Wayne Wilson wrote:
> 
< once again, cheekily responding to his own posts :) >
> 
>   My point about scale is this:  With a small enough set of records that
> a human being can read them all, the 'cleansing' and 'transformation'
> takes place inside the human's conscious understanding.  It's only when
> your record set's get large enough (per an individual's retrieval set)
> that you demand on a daily basis a computer to assist with these acts
> and that you start to see problems.
>
Further reading of this thread convinces me that that the crux of
Andrew's argument is really scale.
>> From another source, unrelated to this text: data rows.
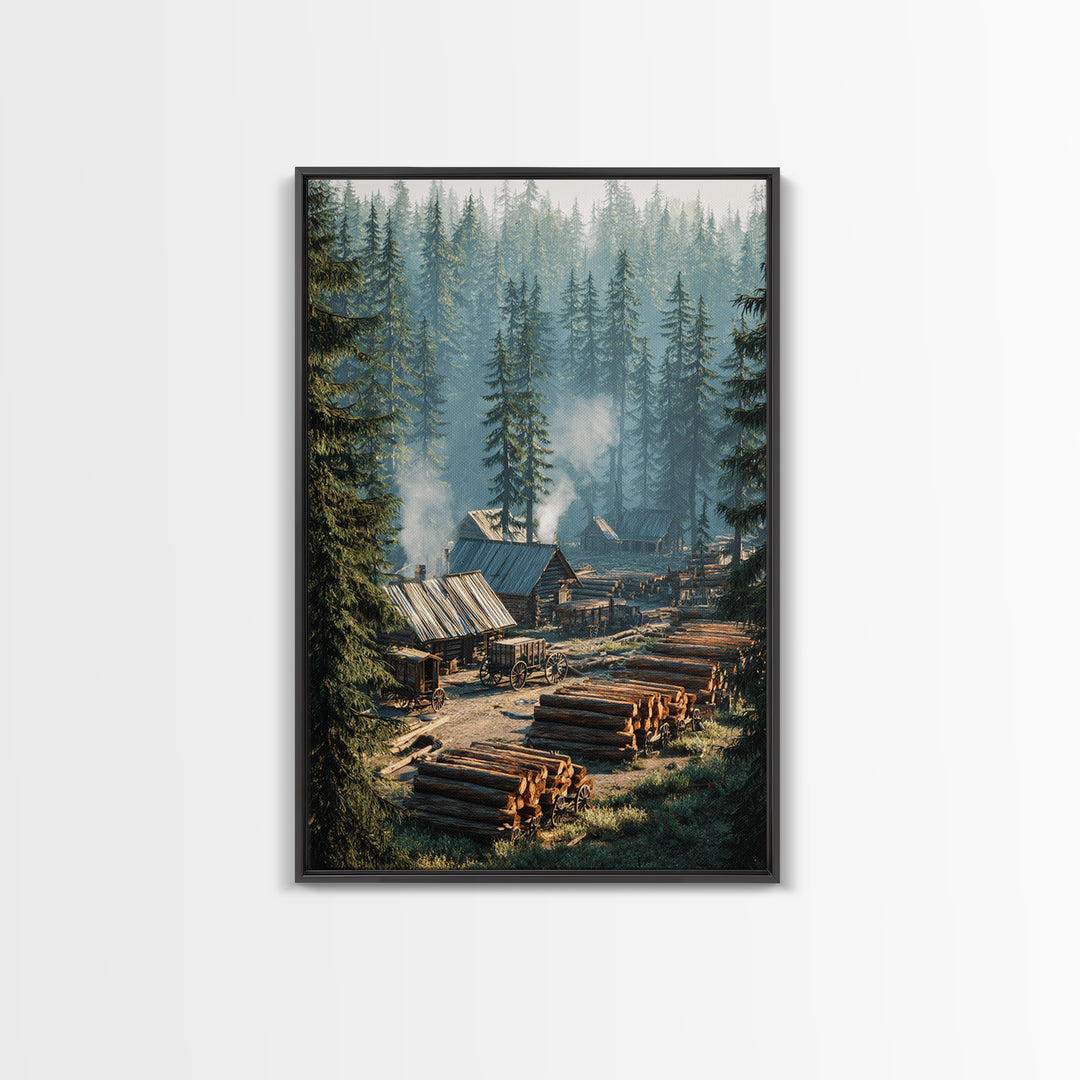 Rustic Log Cabin Village In Misty Forest Painting Wall Art Canvas Print For Cozy Home Decor Living Room Wall Art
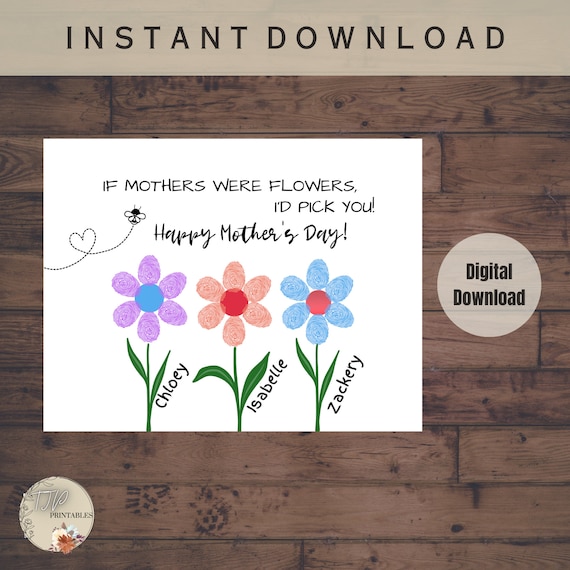 Mothers Day DIY Kid's art activity for mom Kid's Crafts Fingerprint  Printable art Flower and Butterfly mothers day keepsake
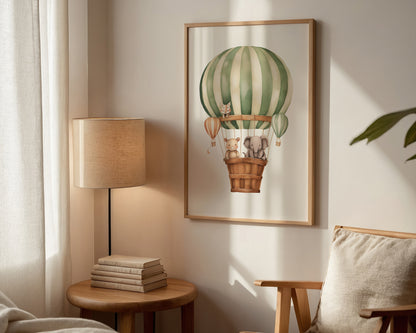 Elephant In Hot Air Balloon Print
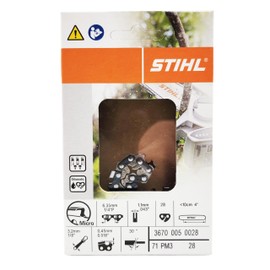Genuine OEM 4" Chainsaw Chain 0.25" Pitch (1/4"), 0.043" Gauge, 28 Drive Link, Picco Micro 3 (71PM3 28) Fits STIHL GTA26 Chainsaws 3670-005-0028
If you scale the record set down to
just what an individual clinican needs to use (which has been
demonsrated to not even be a single patients complete medical record)
then the amount of records is small enough that I suspect even using
'mediators' is not needed.  The mediators would best be used to perform
a kind of personal annotation to ease the conscious understanding of
what is being read, thus allowing the clinician to spend less time on
historical review of the record.

So what we would have then for medical record keeping are systems in
which aggregate functions (defined as being across many clinician's set
of patient's) are not used.  IF you will remember the discuss on
principles of confidentiality, this fit's nicely with a patient privacy
model that restricts access to actively involved clinician's, and
eschews personally identifiable aggregation.

  Aggregate information is still needed for public health and research
purposes, but can be supported with separate systems designed for that
purpose and taking feeds from the individually based record systems.

  The issues of large scale organization of data management (data
stewardship, etc.) would need to be thought through, as I doubt that
large scale organizational entities will dis appear in health care.